### Exercise requirements
Take the lines below from the one with "Batman Arkham Knight Jason Todd Red Leather Jacket Batman" through the one with "Vintage Champion Chicago" and retype them exactly. Include nothing else, and no pictures.

### Information shown
——————

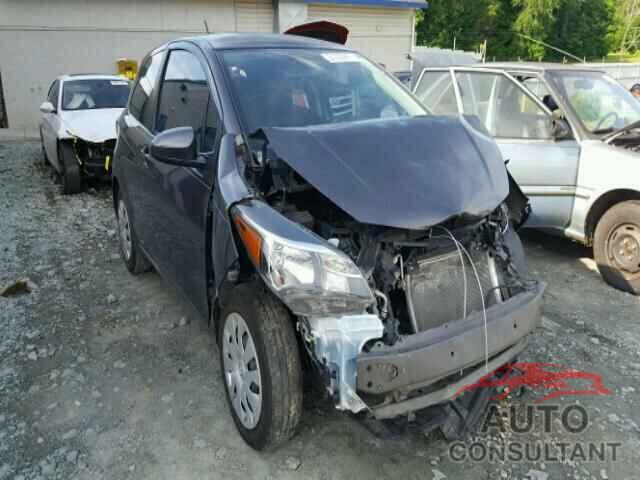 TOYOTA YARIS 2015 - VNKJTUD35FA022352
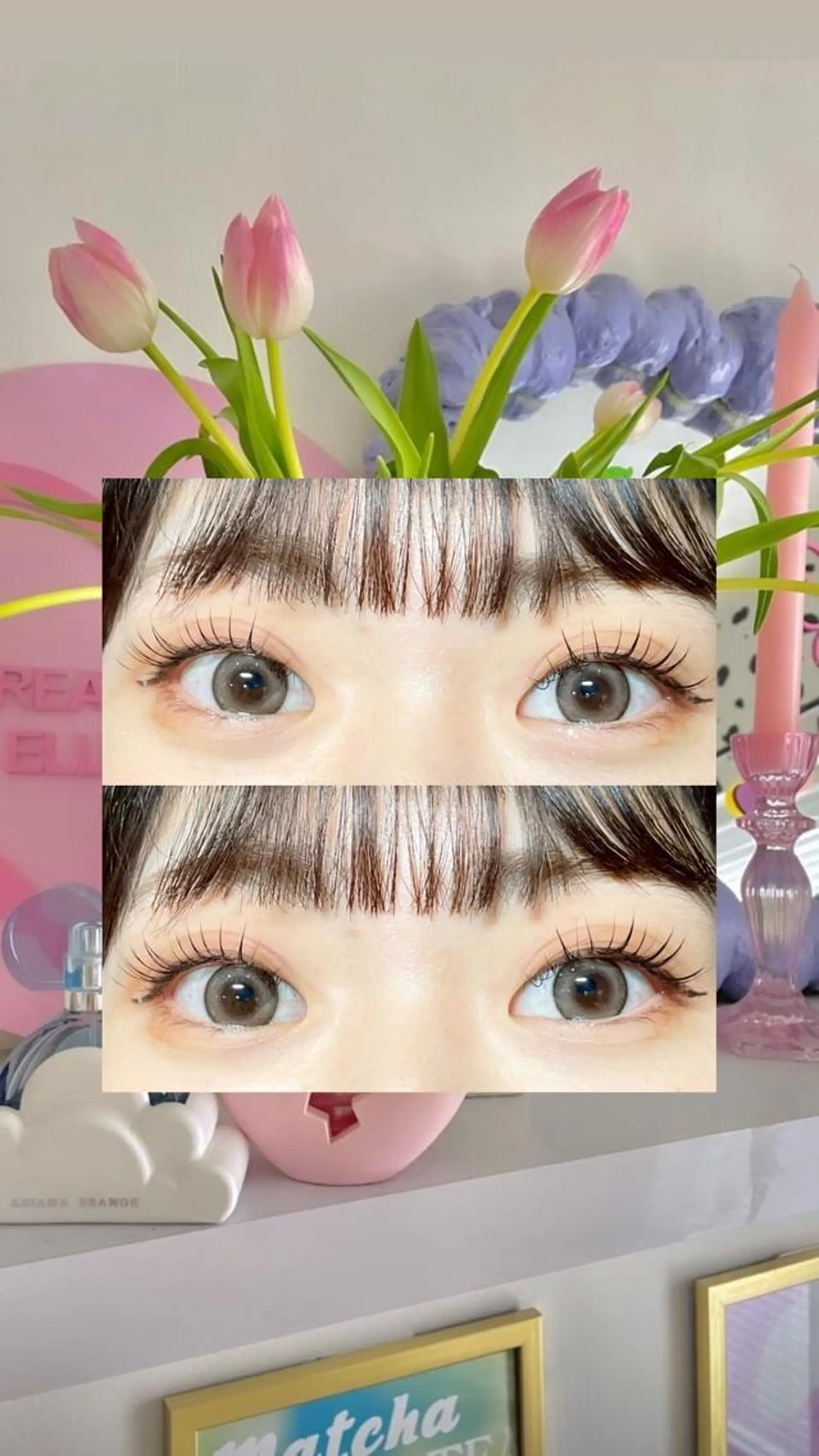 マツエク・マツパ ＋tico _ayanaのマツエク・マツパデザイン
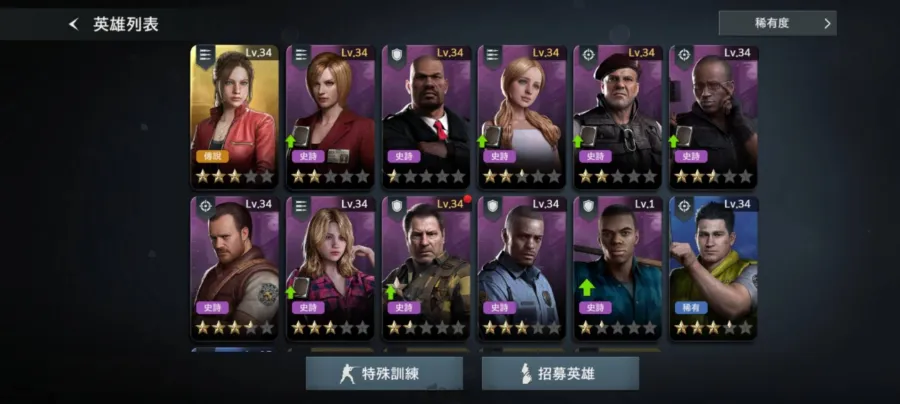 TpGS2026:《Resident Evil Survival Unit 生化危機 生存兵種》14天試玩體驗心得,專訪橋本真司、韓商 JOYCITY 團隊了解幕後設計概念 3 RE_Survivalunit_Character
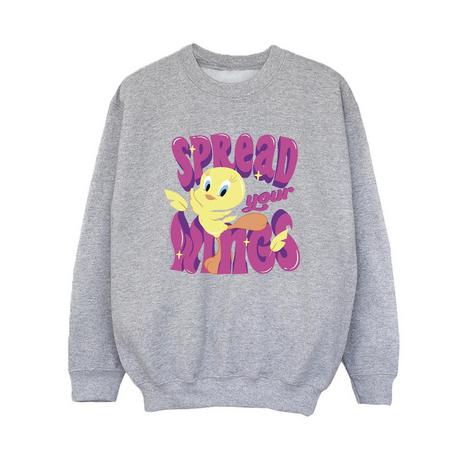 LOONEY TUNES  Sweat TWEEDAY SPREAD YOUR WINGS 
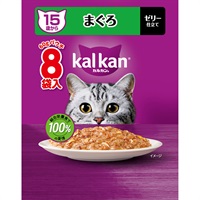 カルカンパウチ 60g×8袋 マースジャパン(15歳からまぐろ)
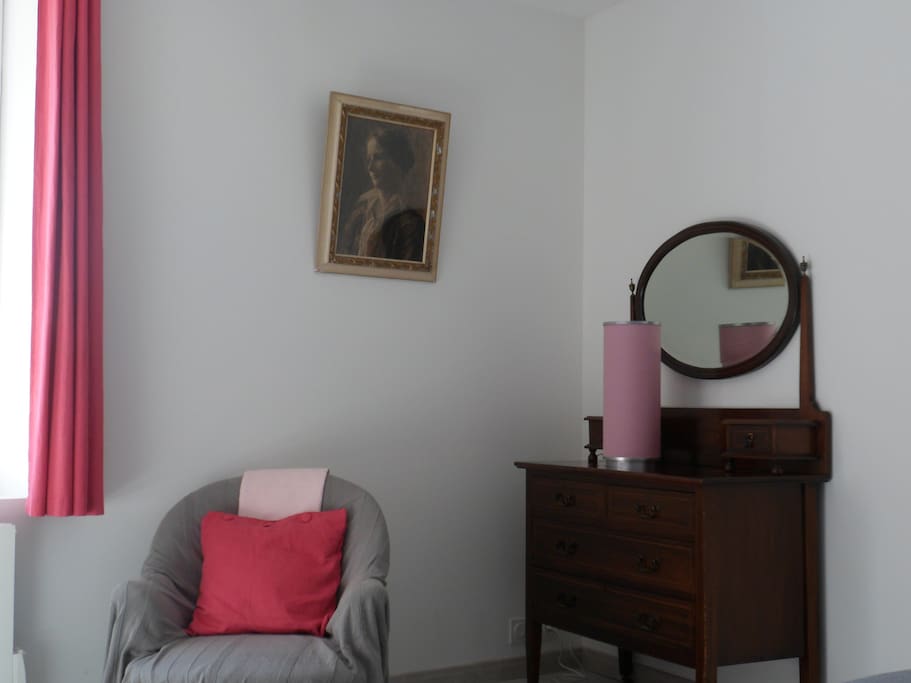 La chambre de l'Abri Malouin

——————

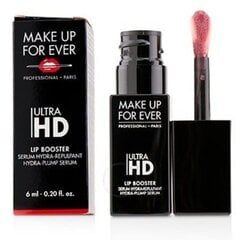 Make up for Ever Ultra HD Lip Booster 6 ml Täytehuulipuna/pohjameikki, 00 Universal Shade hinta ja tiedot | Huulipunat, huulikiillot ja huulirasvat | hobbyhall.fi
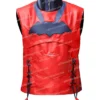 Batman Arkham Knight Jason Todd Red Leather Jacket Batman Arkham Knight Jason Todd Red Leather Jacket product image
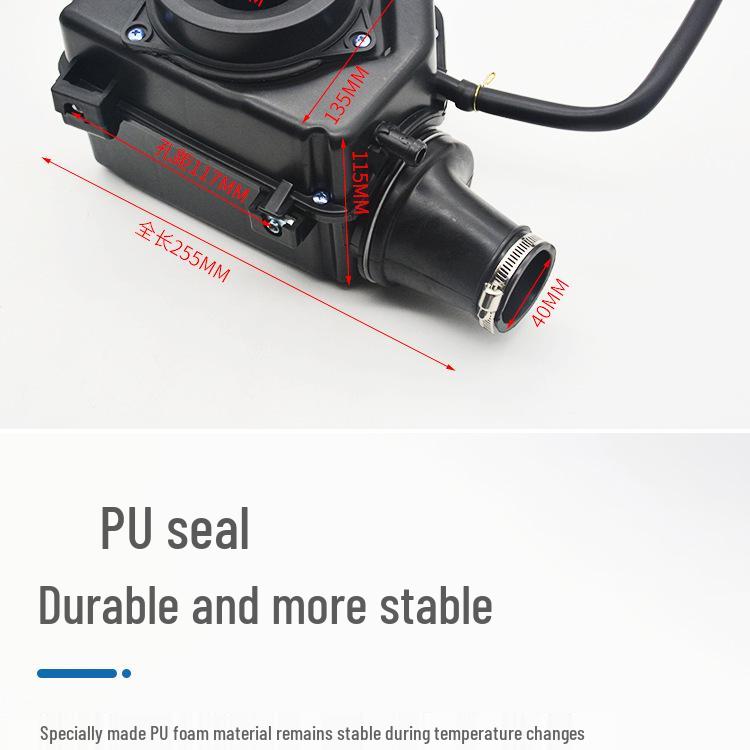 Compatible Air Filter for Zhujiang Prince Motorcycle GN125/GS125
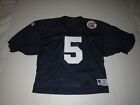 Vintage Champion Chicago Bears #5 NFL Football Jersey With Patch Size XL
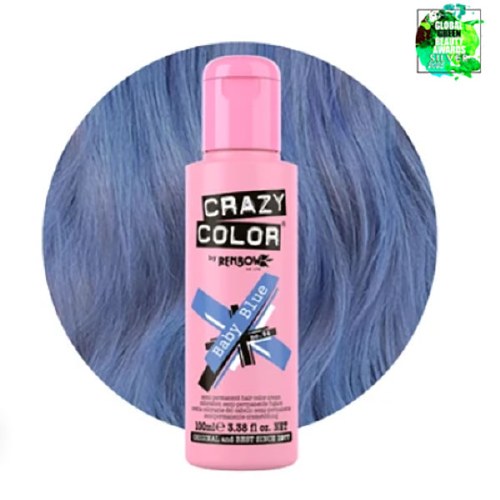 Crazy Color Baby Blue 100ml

——————

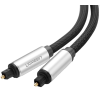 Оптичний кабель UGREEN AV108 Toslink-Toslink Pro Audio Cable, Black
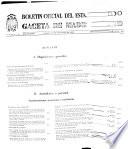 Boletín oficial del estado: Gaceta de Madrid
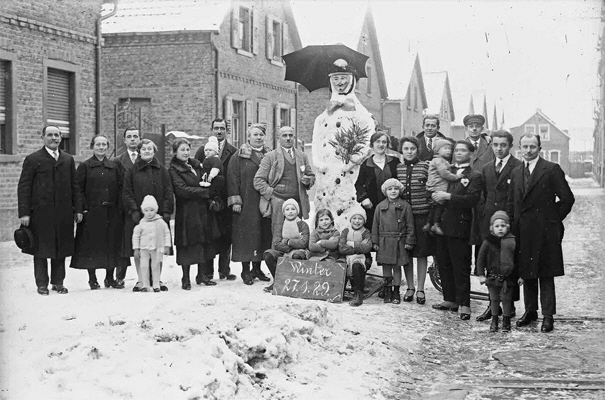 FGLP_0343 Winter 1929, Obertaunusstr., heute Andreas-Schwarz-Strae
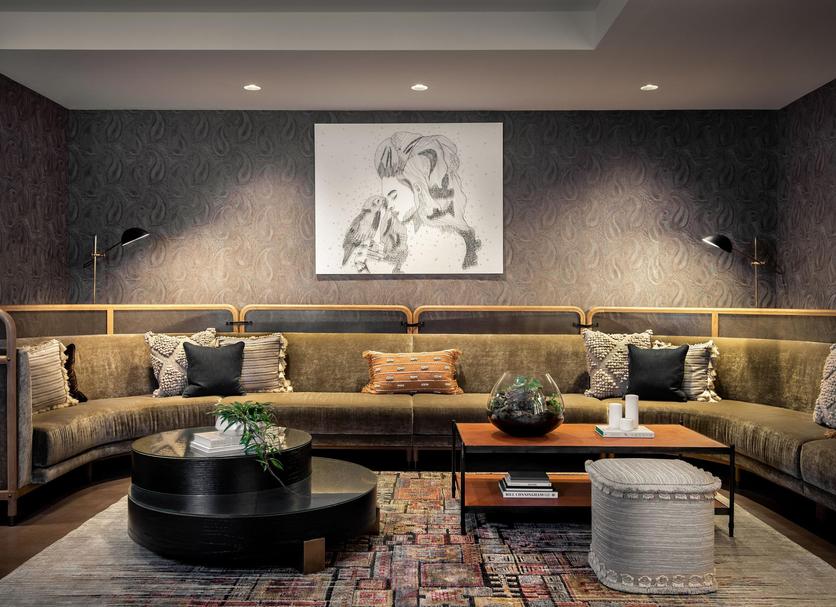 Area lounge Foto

——————

### Written response
 Batman Arkham Knight Jason Todd Red Leather Jacket Batman Arkham Knight Jason Todd Red Leather Jacket product image
 Compatible Air Filter for Zhujiang Prince Motorcycle GN125/GS125
 Vintage Champion Chicago Bears #5 NFL Football Jersey With Patch Size XL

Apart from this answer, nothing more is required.